What is Hepatitis B ?
Hepatitis B is a serious liver infection caused by the hepatitis B virus (HBV). For some people, hepatitis B infection becomes chronic, meaning it lasts more than six months. Having chronic hepatitis B increases your risk of developing cirrhosis — a condition that causes permanent scarring of the liver, liver failure or liver cancer.
Most adults infected with hepatitis B recover fully, even if their signs and symptoms are severe. Infants and children are more likely to develop a chronic hepatitis B infection.
A vaccine can prevent hepatitis B.
Taking certain precautions can help to prevent spreading of HBV to others Signs and symptoms of hepatitis B, ranging from mild to severe, usually appear about 1-3 months after you’ve been infected. Signs and symptoms of hepatitis B may include: Abdominal pain, Dark urine, Fever, Joint pain, Loss of appetite, Nausea and vomiting, Weakness and fatigue, Yellowing of your skin and the whites of your eyes (jaundice).
Hepatitis B infection is caused by the hepatitis B virus (HBV). The virus is passed from person to person through blood, semen or other body fluids.
Common ways HBV is transmitted include:
Sexual contact. You may become infected if you have unprotected sex with an infected partner whose blood, saliva, semen or vaginal secretions enter your body.
Sharing of needles. HBV is easily transmitted through needles and syringes contaminated with infected blood. Sharing intravenous (IV) drug paraphernalia puts you at high risk of hepatitis B.
Accidental needle sticks. Hepatitis B is a concern for health care workers and anyone else who comes in contact with human blood.
Mother to child. Pregnant women infected with HBV can pass the virus to their babies during childbirth. However, the newborn can be vaccinated to avoid getting infected in almost all cases. Talk to your doctor about being tested for hepatitis B if you are pregnant or want to become pregnant.
Acute vs. Chronic Hepatitis B
Hepatitis B infection may be either short-lived (acute) or long lasting (chronic).
Acute hepatitis B infection lasts less than six months. Your immune system can clear acute hepatitis B from your body, and you should recover completely within a few months. Most people who acquire hepatitis B as adults have an acute infection, but it can lead to chronic infection.
Chronic hepatitis B infection lasts six months or longer. When your immune system can’t fight off the acute infection, hepatitis B infection may last a lifetime and if not treated may lead to serious illnesses such as cirrhosis and liver cancer.
The younger you are when you get hepatitis B — particularly newborns or children younger than 5 — the higher your risk the infection becoming chronic. Chronic infection may go undetected for decades until a person becomes seriously ill from liver disease or is discovered incidentally.
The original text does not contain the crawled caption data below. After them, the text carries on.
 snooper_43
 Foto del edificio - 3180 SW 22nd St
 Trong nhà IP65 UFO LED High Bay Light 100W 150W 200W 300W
Viral hepatitis can be easily diagnosed using blood tests.
Blood tests can determine if you have the virus in your system and whether it’s acute or chronic.
Steps to reduce the risk of passing Hepatitis B to others:
1.Vaccinate your family or close contacts
2..Have protected sex.
3.Don’t share razors or toothbrushes.
4.Don’t donate blood, body organs or semen.
5.Stop drinking alcohol
6.Avoid medications that may cause liver damage. Stop Self medication.
1.Eat regular & balanced meals.
2.Maintain healthy calorie intake.
3.Eat whole-grain cereals, breads, and grains.
4.Eat lots of fruits and vegetables.
5.Get adequate protein.
6.Avoid fatty, salty, and sugary foods
7..Drink enough fluids
How is Viral Hepatitis transmitted?
The hepatitis B viruses are generally transmitted by contact with infected blood or blood products, or by sexual contact. Hepatitis B is commonly transmitted sexually as well as through intravenous drug use, and can also be passed from a mother to her fetus, usually at the time of delivery.
What is consequences of acute Viral Hepatitis B?
In 90% of adults infections, the disease is self limiting. . Very few patients with acute viral hepatitis go on to develop chronicity, cirrhosis and liver failure.
Can Viral Hepatitis B be prevented?
Yes. The best method of prevention is vaccination.
I heard that some medications such as herbal medications can cure Hepatitis. Is this true?
There is currently no evidence that any herbal medicines can cure viral hepatitis. One should never use any prescription or over-the-counter medications without consulting a physician first. Additionally, some herbal medications may seriously damage the liver.